Sementara itu Kepala BKSDA NTB Ari Subiantoro menyatakan ekowisata berbasis masyarakat adalah sebuah keniscayaan dalam pengelolaan kawasan konservasi. “Melalui kegiatan itu maka masyarakat bisa mendapat manfaat dari kawasan konservasi sehingga mereka secara sadar mau terlibat untuk menjaga keanekaragaman hayati yang ada,” kata dia.

BKSDA NTB nantinya akan memberi izin penyelenggaraan jasa wisata bagi masyarakat.
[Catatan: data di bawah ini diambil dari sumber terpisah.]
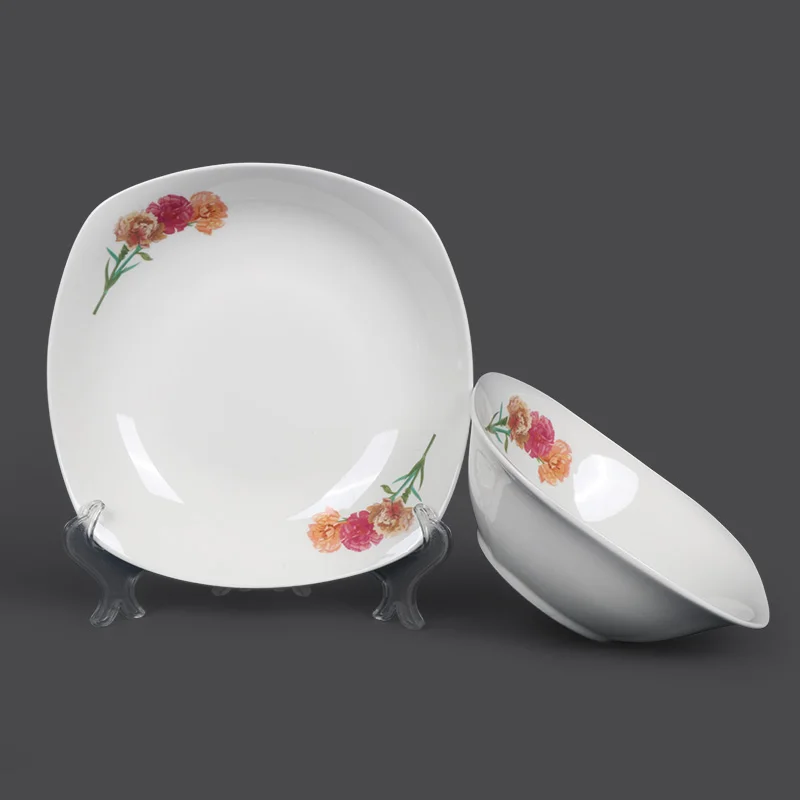 Wholesale Ceramic Square Soup Plates Ceramic Square Serving Deep Dish Plate For Kitchen and Restaurant Use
Negara juga akan diuntungkan karena setiap pemanfaatan fasilitas yang ada akan ada Penerimaan Negara Bukan Pajak (PNBP) yang mengalir.

Ari yakin, pengembangan ekowisata di TWA Gunung Tunak bisa meningkatkan pengunjung ke kawasan konservasi seluas 1.219,97 hektare itu. Sepanjang tahun 2017 lalu, rata-rata pengunjung mencapai 2.000 orang per bulan. “Kami harap jumlah pengunjung bisa mencapai 20.000 orang per bulan,” katanya.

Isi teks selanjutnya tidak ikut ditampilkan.